Short web captions:
◆ ◆ ◆ ◆ ◆ ◆ ◆

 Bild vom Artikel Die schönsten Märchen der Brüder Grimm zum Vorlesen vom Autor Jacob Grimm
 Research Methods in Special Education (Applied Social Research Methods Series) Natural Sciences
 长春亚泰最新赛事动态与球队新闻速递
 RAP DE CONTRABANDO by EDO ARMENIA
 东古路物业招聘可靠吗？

◆ ◆ ◆ ◆ ◆ ◆ ◆

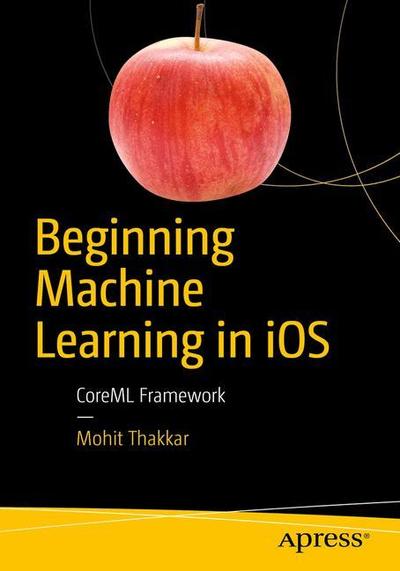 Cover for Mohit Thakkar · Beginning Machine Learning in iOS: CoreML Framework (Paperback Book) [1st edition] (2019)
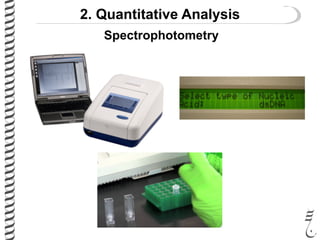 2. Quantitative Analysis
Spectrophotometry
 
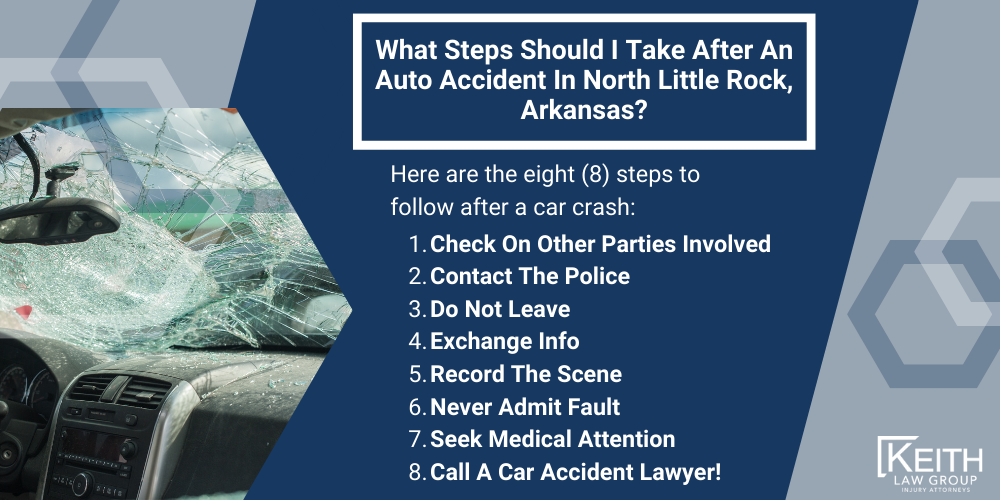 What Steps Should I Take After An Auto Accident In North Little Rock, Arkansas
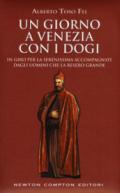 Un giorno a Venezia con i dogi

◆ ◆ ◆ ◆ ◆ ◆ ◆

## ASSIGNED TASK
Respond with the exact lines above running from the one containing "Cover for Mohit" to the one containing "Un giorno a Venezia con i dogi", both ends kept and no pictures included.

## RESPONSE AREA
 Cover for Mohit Thakkar · Beginning Machine Learning in iOS: CoreML Framework (Paperback Book) [1st edition] (2019)
 2. Quantitative Analysis
Spectrophotometry
 
 What Steps Should I Take After An Auto Accident In North Little Rock, Arkansas
 Un giorno a Venezia con i dogi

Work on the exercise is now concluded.